On Sun, Aug 1, 2010 at 7:04 PM, Yves Therriault < [hidden email]> wrote:
> Dear Stata users,
>
> I've been using SPSS for 20 years. For the time being, I still use a
> six years old version of SPSS (12.01). For many reasons, I told my
> organisation that I would rather purchasing one licence of Stata
> instead of upgrading to the newest release of SPSS (18.0).
>
> A few months ago, I've asked former SPSS users to write about their
> experience with Stata.

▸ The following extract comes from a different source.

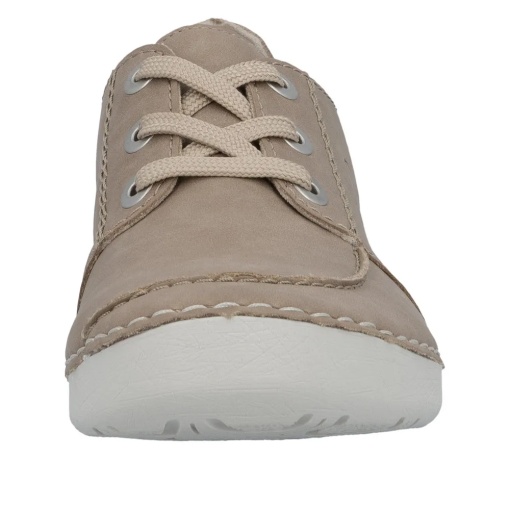 Pantofi dama, piele naturala, Rieker 52545-62, bej - Img 6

Generally, people who have decided to switch
> from SPSS to Stata aren't looking back.
>
> In order to learn the basics of Stata more easily when the software is
> installed on my computer, I bought 3 introductory books : A Gentle
> Introduction to Stata ; An Introduction to Stata for Health
> Researchers and, finally Data Analysis Using Stata.
>
> I'm interested to hear from those who made the switch to Stata and
> particularly about the lurning curve regarding the management of Stata
> output. Generally, Stata seems to be far more superior to SPSS in many
> ways. But, in my humble opinion, Stata is currently far behind SPSS
> concerning how it displays its output. I'm aware that a lot of
> routines have been written by Stata users to customize outputs though.
>
> Just in case Stata programmers were monitoring this list, I would be
> very pleased if the company decided to "improve" the output display in
> a future release. Perhaps, another possible feature would gave the
> user the choice between a "standard" Stata output and a Spsslike
> output.

Stas Kolenikov, also found at http://stas.kolenikov.nameSmall print: I use this email account for mailing lists only.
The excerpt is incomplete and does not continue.